**SUPPLIED RECORDS**

═══

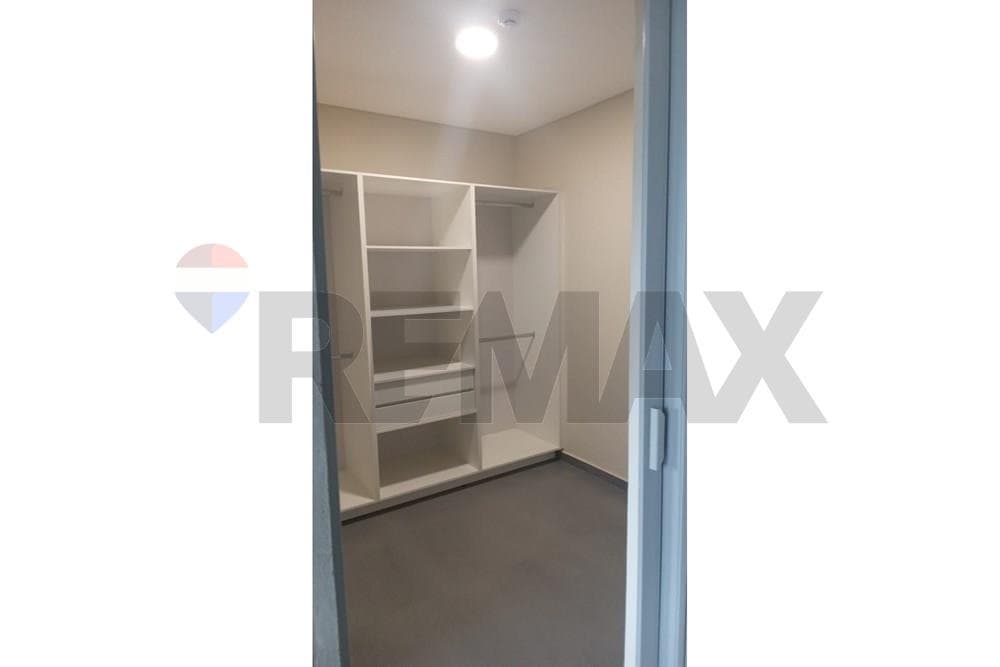 Departamento a estrenar – zona Pinedo / maravia — foto 3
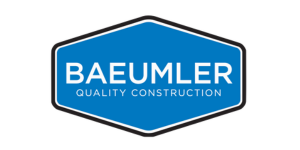 Baeumler Quality Construction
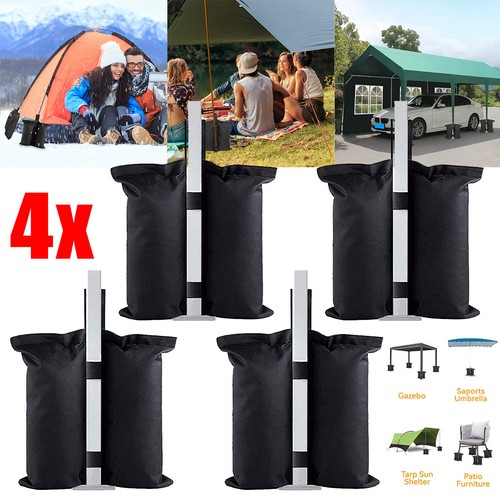 Garden gazebo foot leg feet - foot,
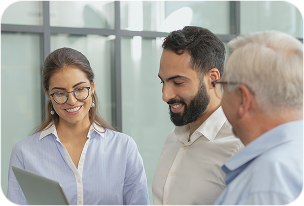 Recrutement IT Casablanca Maroc, Société de services numériques Casablanca, Entreprise de transformation digitale Casablanca, Agence DevOps Casablanca, Consulting IT Casablanca, Externalisation IT Casablanca, Cloud computing Maroc, Services informatiques pour entreprises Casablanca, Big Data et Analytics Casablanca, Talents IT hautement qualifiés Maroc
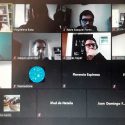 Encuentro De La Maestría En Neurociencias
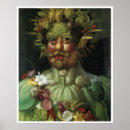 Recherche de courge posters Fruits
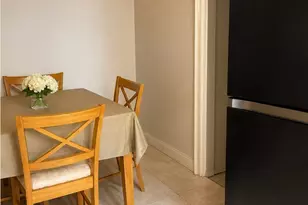 127 E 52nd St, Brooklyn, NY 11203 - Photo 13
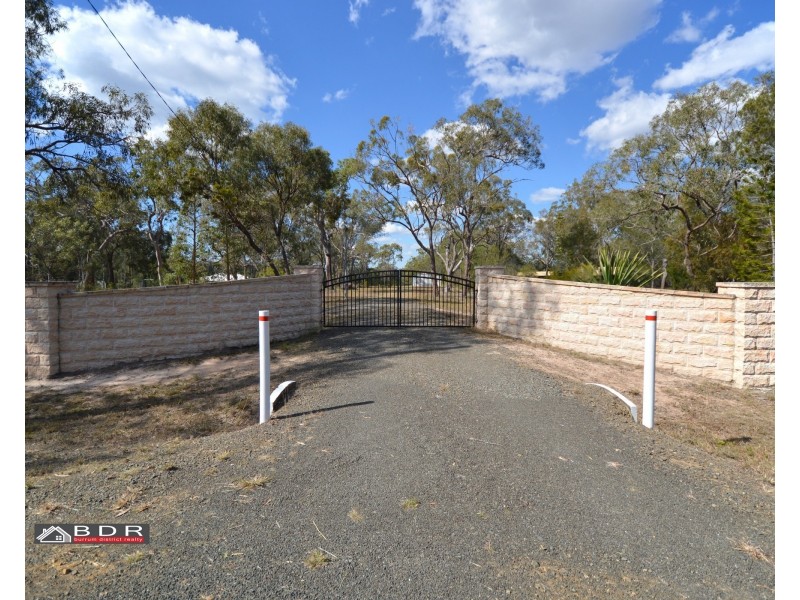 250 Pacific Haven Cct, Pacific Haven QLD 4659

═══

**WHAT YOU ARE ASKED TO DO**
All of the material must be repeated exactly in the answer, apart from the pictures.

**SOLUTION FOR THIS EXERCISE**
 Departamento a estrenar – zona Pinedo / maravia — foto 3
 Baeumler Quality Construction
 Garden gazebo foot leg feet - foot,
 Recrutement IT Casablanca Maroc, Société de services numériques Casablanca, Entreprise de transformation digitale Casablanca, Agence DevOps Casablanca, Consulting IT Casablanca, Externalisation IT Casablanca, Cloud computing Maroc, Services informatiques pour entreprises Casablanca, Big Data et Analytics Casablanca, Talents IT hautement qualifiés Maroc
 Encuentro De La Maestría En Neurociencias
 Recherche de courge posters Fruits
 127 E 52nd St, Brooklyn, NY 11203 - Photo 13
 250 Pacific Haven Cct, Pacific Haven QLD 4659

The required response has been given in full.